When she takes over in March, she will be the only African-American woman at the head of an S&P 500 company and one of five black CEOs of that club at a time when investor pressure, consumers and employees are forcing American companies to explain why their leaders are so unlike the rest of the United States.
His appointment was, tweeted private equity chief Robert Smith, both a great achievement and “a reminder of the amount of work that remains to be done.”
Stefano Pessina, the 79-year-old billionaire who will become the executive chairman of the WBA when Ms Brewer takes charge, told the Financial Times he knew the appointment would be welcomed internally at a time when diversity had become “fundamental.
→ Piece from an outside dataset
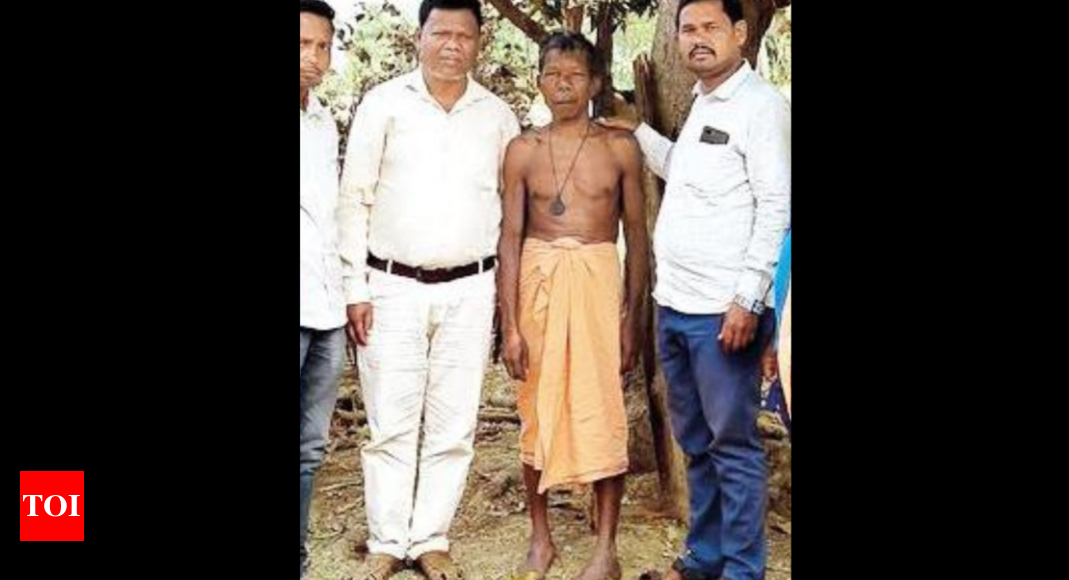 Keonjhar Man Repents Allows Wife To Return Home Bhubaneswar News Times Of India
For any business.
But, he added, “you don’t select the CEO for the psychological effect he or she may have; you have to watch [their] intrinsic qualities. Ms. Brewer, he added, “prefers to be seen for what she is: a fantastic manager, a fantastic operator and not just an African American woman.”
WBA needs an exceptional operator. Formed by the merger in 2014 of the American chain Walgreens with Alliance Boots domiciled in Switzerland, the group has underperformed the market over the past five years. The Covid-19 pandemic has dramatically reduced the number of customers visiting its 21,000 stores, while placing it at the forefront of a vaccination effort that is under scrutiny.
Boots closed dozens of outlets last year, at a cost of more than 4,000 jobs, as its parent company took a $ 2 billion depreciation charge against its investment in the UK.
In Mr. Pessina’s eyes, the cycle that started with the merger and that generated billions of dollars in savings is ending, and “something new has to be found: a big or a big change in the company to start a new cycle ”.
According to him, what will define the next chapter of WBA is consumer-centric technology. As COO of Starbucks, which has drawn much of its recent growth superior to industry From her popular mobile app, Ms. Brewer has been intimately involved in the development of one of retail’s most admired digital strategies.
Her year on the Amazon board, which she is now leaving, has also raised hopes on Wall Street for the e-commerce prospects she will bring.
“With Covid accelerating consumerism and the digitization of healthcare, bringing an outside perspective can be refreshing in an industry that has traditionally been slow to change,” Morgan Stanley analysts wrote as WBA stock jumped on his appointment.
The 58-year-old is used to bringing in an outsider’s perspective. Raised in Detroit by parents who worked shift work at General Motors, she was the first in her family to attend college, attending Spelman College, the historically black women’s college whose alumni include a political strategist. Stacey Abrams.
Her degree in organic chemistry took her to Kimberly-Clark, where she spent 22 years before joining Walmart, and honed her analytical skills.
She was chosen to join Starbucks’ board of directors in January 2017, but within months its chief executive, Kevin Johnson, made her one of its top executives. (Unusually for a COO, she retained her seat on the board.)
Her career progression may seem easy, she told Spelman students in an early 2018 speech, but she was often given “the most unwanted jobs,” which managers expected. that she fails.
Her generation of black women was defined by their persistence, Ms. Brewer told students, but “no matter how high we fly, we always hit the glass dome built by our biased culture.” It was always, she said, “a male and white world.”
She was confirmed in this view when she received death threats after expressing the mundane opinion in an interview with CNN that diversity made good business sense.
“It was a nasty, nasty reminder that every day people of color face such blatant, so emboldened and yet so normalized systemic racism,” she recalls.
Another shocking recall came in 2018 when a Starbucks store manager in Philadelphia called the police on two young black entrepreneurs in 2018. Ms Brewer hopped on a plane, spent days talking to everyone involved, and was instrumental in the company’s decision to close its stores to train staff to recognize racial prejudice.
The lesson, she told Spelman’s students, was that they should “get up, get behind the wheel and take charge. . . Too often people take responsibility and do nothing. But not me, nor under my supervision.